- _What to produce_: Only an exact copy of the lines from the one containing "Surówka z ogórka" through the last line of the material below belongs in the answer, with no pictures.

── The data

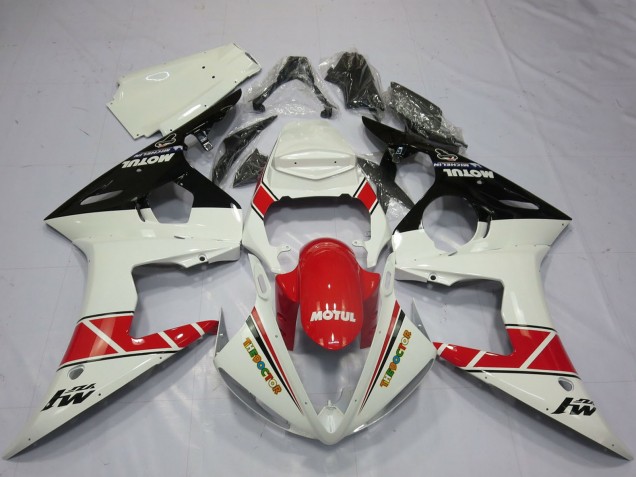 Purchase 2005 White Red Glossy Black Motul Yamaha R6 Motorcycle Fairings UK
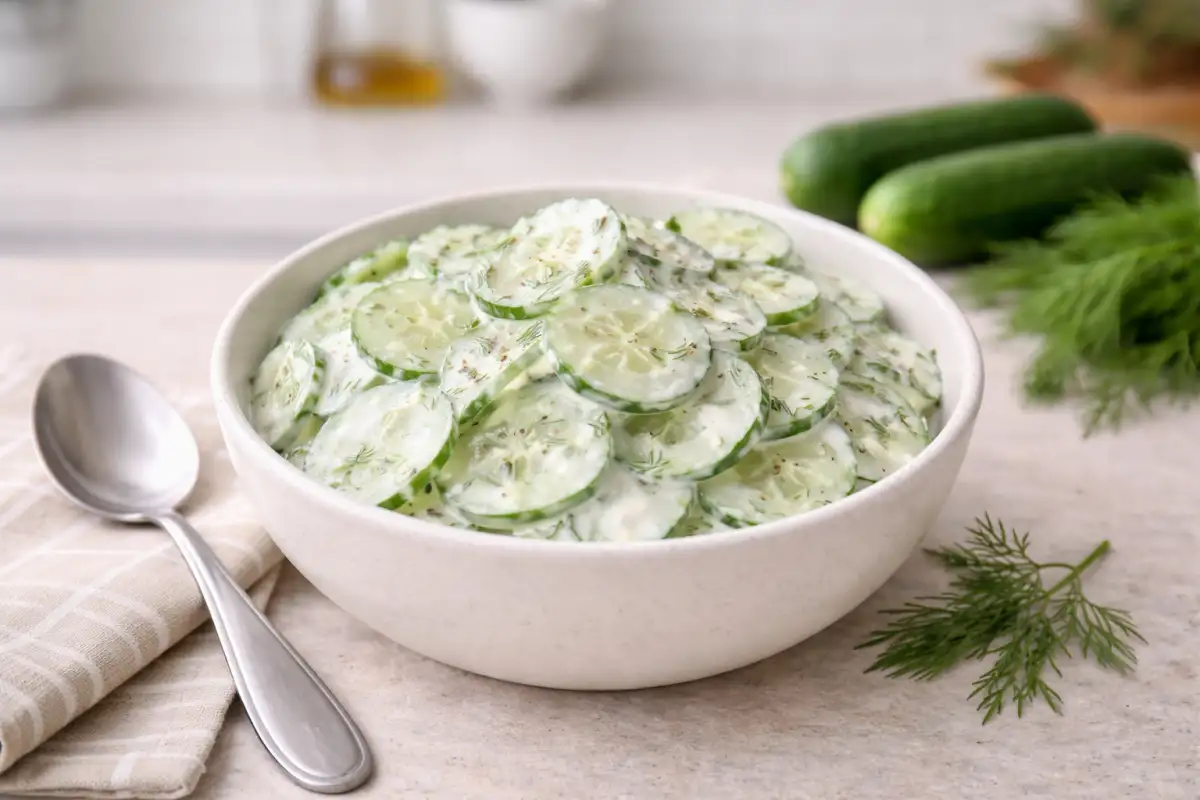 Surówka z ogórka i śmietany – szybki przepis do obiadu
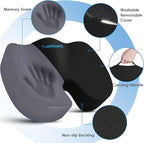 TushGuard Seat Cushion for Office Chair Memory Foam Non-Slip Cushion Back - Image 3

────

- _Task response_:
 Surówka z ogórka i śmietany – szybki przepis do obiadu
 TushGuard Seat Cushion for Office Chair Memory Foam Non-Slip Cushion Back - Image 3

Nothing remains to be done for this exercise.